Yup, He Really Said That
When Stephen Harper was asked if he was going to be making a stop in Cuba on his South American/Caribbean tour he said he would not and cited Canadian “concerns about certain aspects of governance and human rights in Cuba.”
Then what the heck was he doing in Columbia? Are not right wing death squads worthy of Canadian “concerns” these days?



When I made the point over at Far and Wide that this kind of thing revealed Harper’s ideological bias (”left==bad, right==good”, ignoring the other dimension for now), rather than any principle, Olaf tried to tell me I was being to simplistic.
Yet here is more evidence of just that.
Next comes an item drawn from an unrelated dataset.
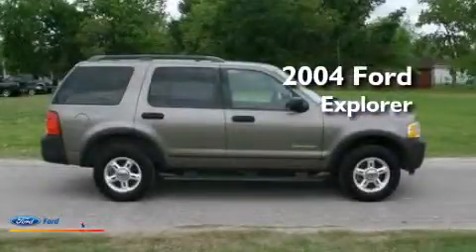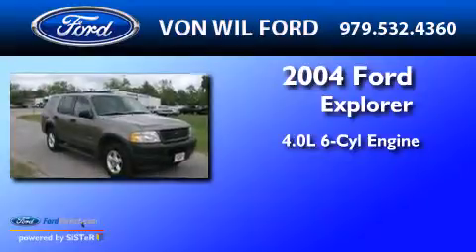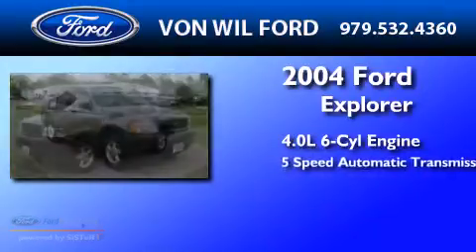This is a 2004 Ford Explorer. It features a 4.0-liter six-cylinder engine and a five-speed automatic transmission.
Cuba and China are chided because they are “communist” and therefore left-wing, while supposedly democratic and non-communist countries like Columbia are cotled, even when their human rights abuses are arguably and provably worse.
It harkens back to the old cold war mentality of ’sure he’s a bastard, but he’s our bastard’ mentality that brought thugs like Saddam, Samosa, the Shah and Idi Amin to power…it was wrong then and its wrong now.
Whooee! Harper was yammerin’ about a “third way” an’ how we’re such a shinin’ example of independence even though we’re huggin’ the 49th.
He coulda demonstrated that independence quite nicely by payin’ a visit to Fidel. Sure, the Merkans’d growse a bit but we already got relations with Cuba an’ we ain’t forbidden to go there like most Merkans. That’d be the sorta move that might convince Steve’s new buddyboy from Colombia that he ain’t just a bootlicker fer Dubya.
I don’t really think he needs to be goin’ around kissin’ ass in dictatorville an’ spoutin’ horsepuckey on human rights.
JB
I wonder if his not going to Cuba actually has to do with the fact that such a visit would then leave him vulnerable to arrest if he ever goes to the USA, afterward. And while it might not happen, it could, if some over-zealous border guard wants to embarrass the hell out of both countries. At the very least, it would put Dubya in an interesting position…
Damn, but why doesn’t he go to Cuba?
Perhaps there are few trade prospects with Cuba worth pursuing. He can’t visit every country, and Cuba is in a political climate of difficulty all their own. Certainly it is better to avoid Cuba and maintain good relations with the U.S. than to visit Castro and listen to Marxist nonsense 40 years out of date.